Each Company Stock Option shall be cancelled as of the Effective Time in exchange for either the Option Consideration or a Rollover Option (as described below). At least five business days before the Effective Time, any holder of a Company Stock Option that is not continuing with Parent or Parent Bank after the Merger as an employee or director shall elect to receive either (A) the Option Consideration for an amount in cash, or (B) a Rollover Option. Any Company Stock Option held by an employee or director who is continuing as either an employee or director of Parent or Parent Bank after the Merger shall be exchanged for a Rollover Option.

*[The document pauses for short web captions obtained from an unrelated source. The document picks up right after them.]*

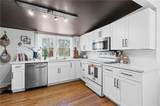 2619 Highland Avenue - Photo 12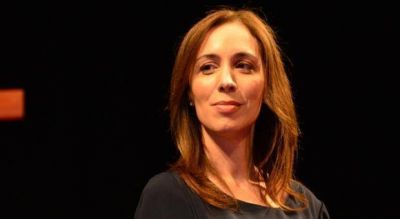 Vidal aument� el gasto en publicidad a $3.5 millones por d�a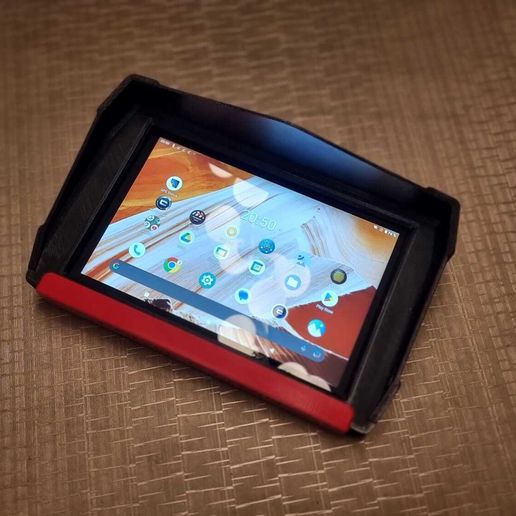 WhatsApp-Image-2025-01-14-at-19.09.37-4.jpeg Crosscall Core T4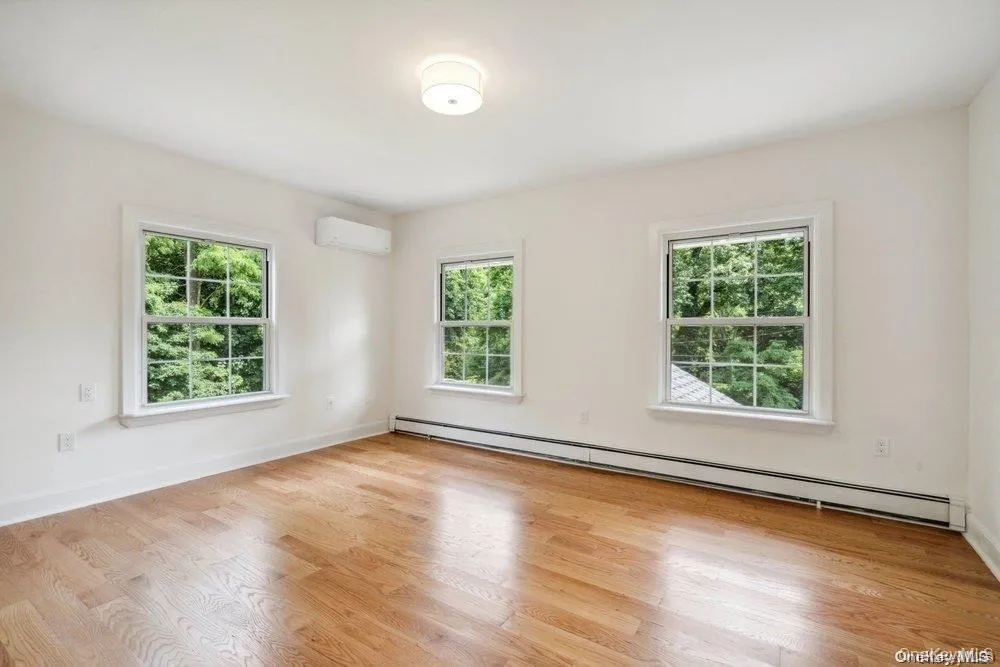 9 The Intervale, North Hempstead, NY, 5 Bedrooms Bedrooms, 11 Rooms Rooms,4 BathroomsBathrooms,Residential Lease,For Rent,The Intervale,0,1015922 9 The Intervale, North Hempstead, NY, 5 Bedrooms Bedrooms, 11 Rooms Rooms,4 BathroomsBathrooms,Residential Lease,For Rent,The Intervale,0,1015922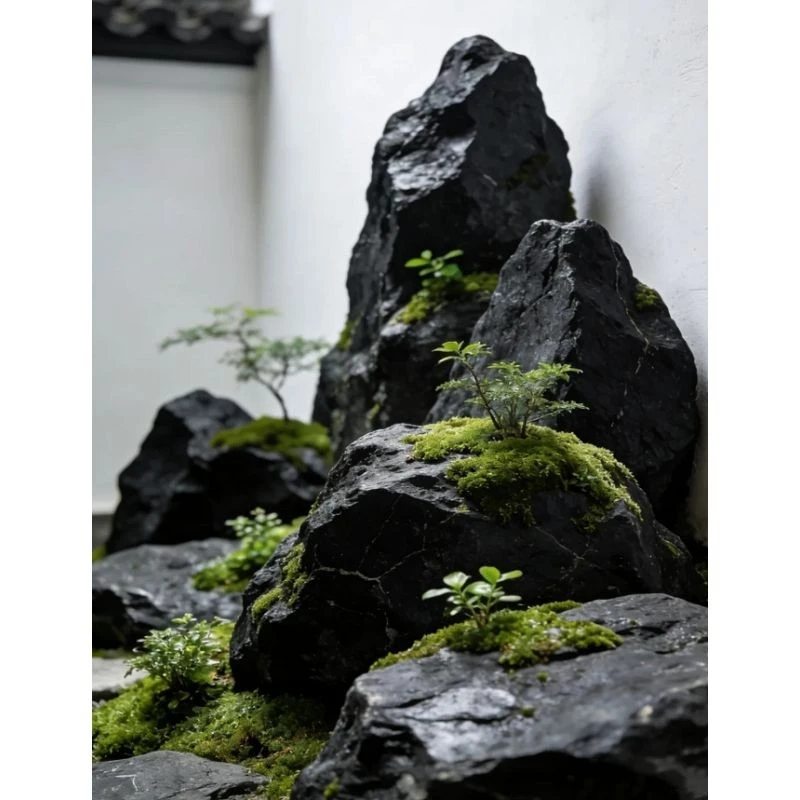 natural-black-rockery-stone-texture.jpg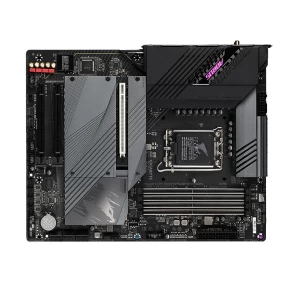 Gigabyte Z690 AORUS ELITE AX (Wi-Fi) DDR5 12th/13th Gen Intel LGA1700 Socket Gaming Motherboard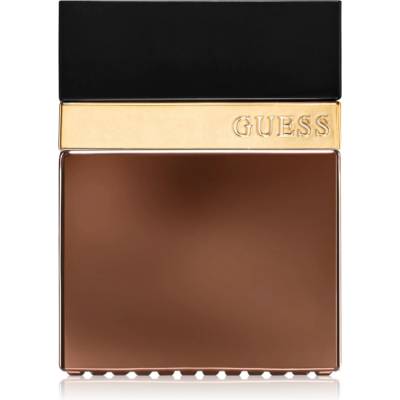 GUESS Seductive Desire EDT мъжки 100ml
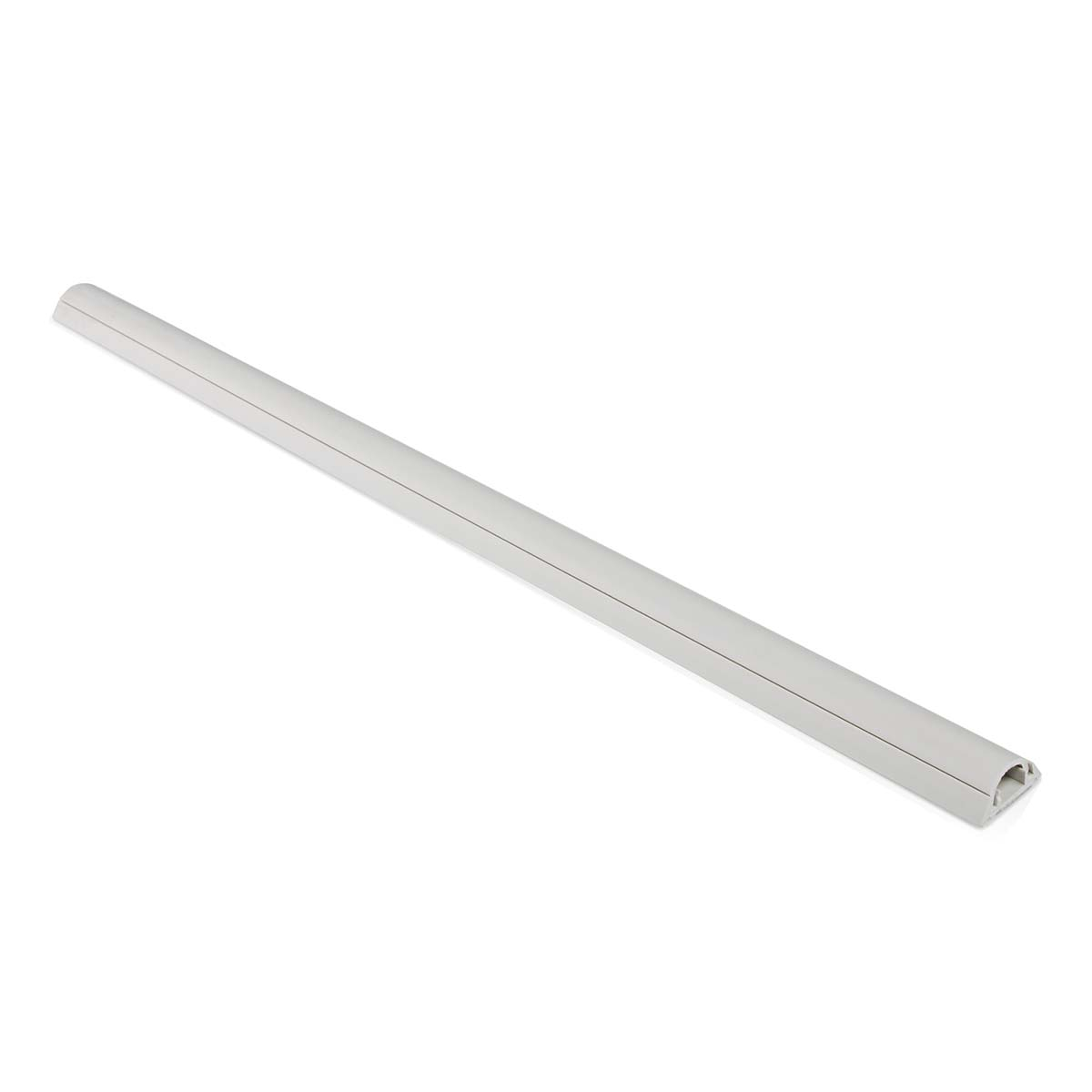 NEDIS CMDT3312WT500 Kabelmanagement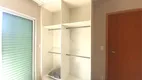 Foto 15 de Casa de Condomínio com 3 Quartos à venda, 95m² em Saúde, São Paulo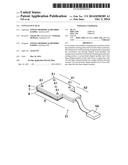 CONVEYANCE SEAT diagram and image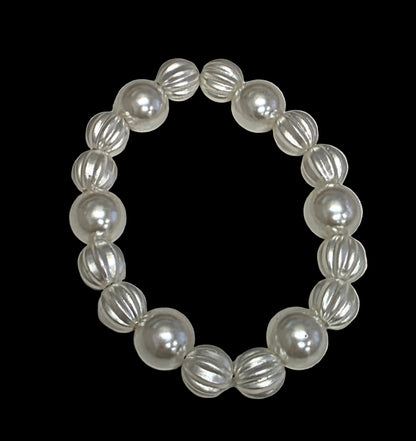 Handmade Beaded Bracelets By Aria 🫶🏽 (Click for options)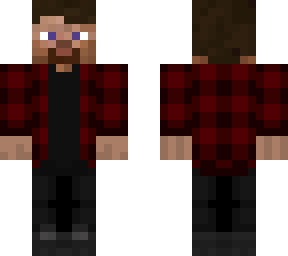 notbutchersteve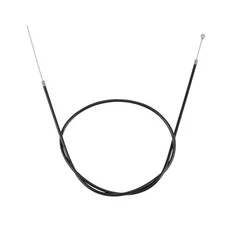  45.47" Rear Brake Cable for 2 Stroke 43cc 47cc 49cc Engine Mini Pocket Pit 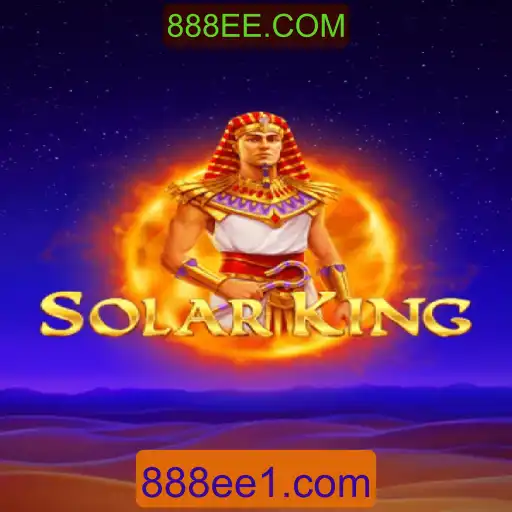 Explorando o Mundo Fascinante de SolarKing: Um Novo Horizonte de Entretenimento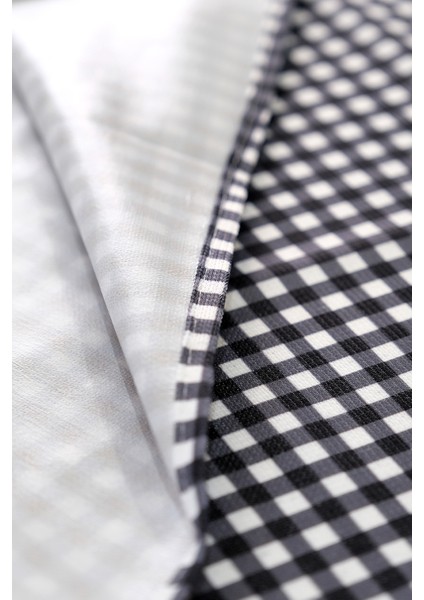 Sufre Sıvı Geçirmez Masa Örtüsü Sofra Bezi Sofra Örtüsü Piknik Örtüsü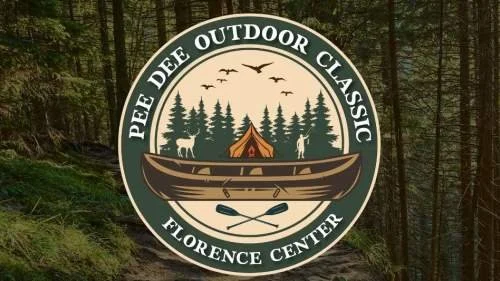 Pee Dee Outdoor Classic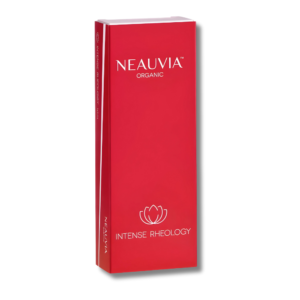 import placeholder for 76081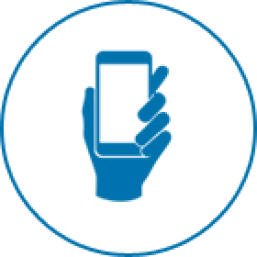 Comprehensive Range of Information and Communication Infrastructures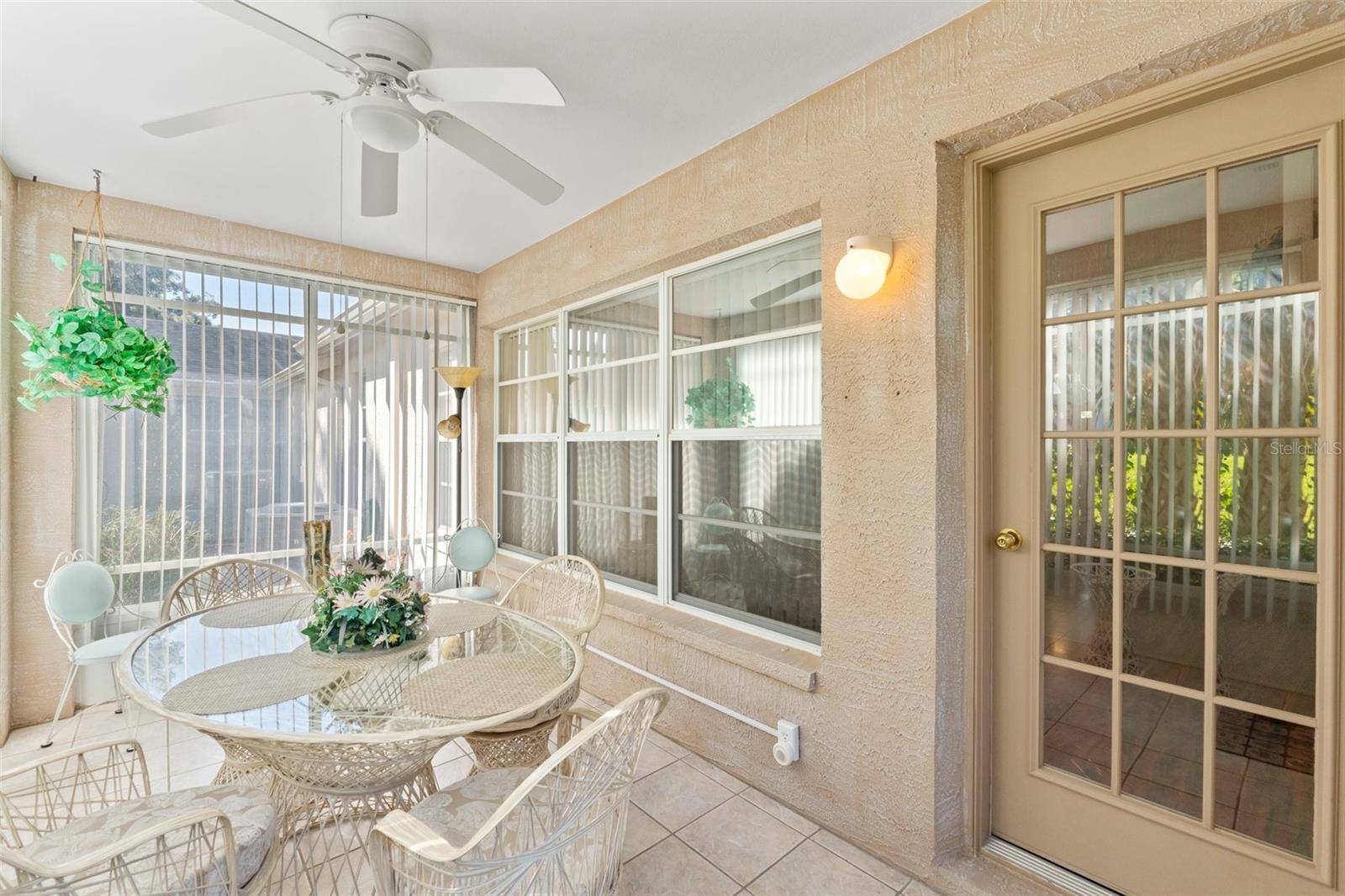 2223 SPRINGMEADOW DR, SPRING HILL, FL, 34606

The Rollover Options shall be converted into Parent Stock Options. The Parent Stock Options shall have the same terms and conditions as the Company Stock Options with proper adjustments for the terms of the merger as defined in Section 2.4(d) of the Merger Agreement.
Opinion
In rendering our opinion, we have considered the applicable provisions of the Internal Revenue Code of 1986, as amended (the “Code”), Treasury Regulations, pertinent judicial authorities, interpretive rulings of the Internal Revenue Service, and such other authorities as we have considered relevant.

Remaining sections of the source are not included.